(DATASET CONTENT begins)

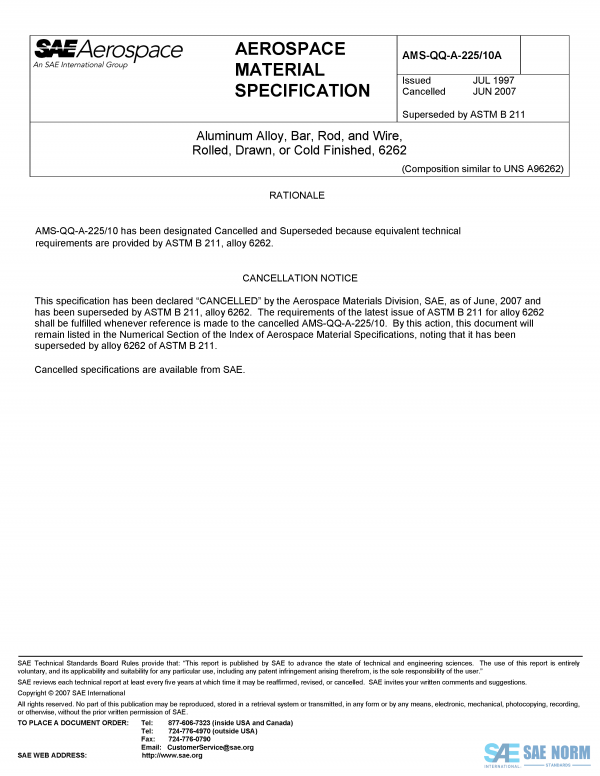 SAE AMSQQA 225/10 Series PDF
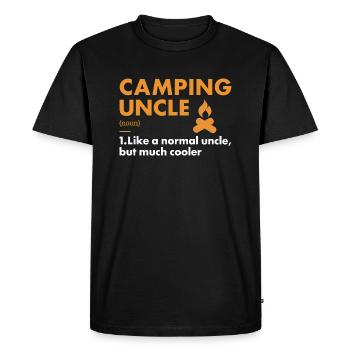 Camper Oncle Définition Camping - T-shirt Premium bio Homme - noir - Devant - Nico (187cm)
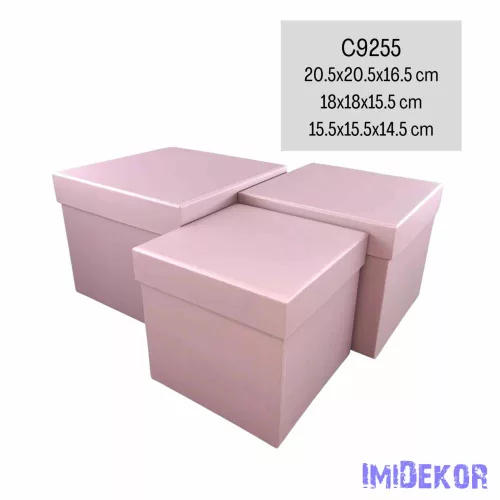 Papírdoboz 3db/szett kocka 20,5-18-15,5cm - Mályva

(DATASET CONTENT ends)

** WHAT IS REQUIRED **
An exact reproduction of the data is needed, with no pictures included.

** ANSWER AREA **
 SAE AMSQQA 225/10 Series PDF
 Camper Oncle Définition Camping - T-shirt Premium bio Homme - noir - Devant - Nico (187cm)
 Papírdoboz 3db/szett kocka 20,5-18-15,5cm - Mályva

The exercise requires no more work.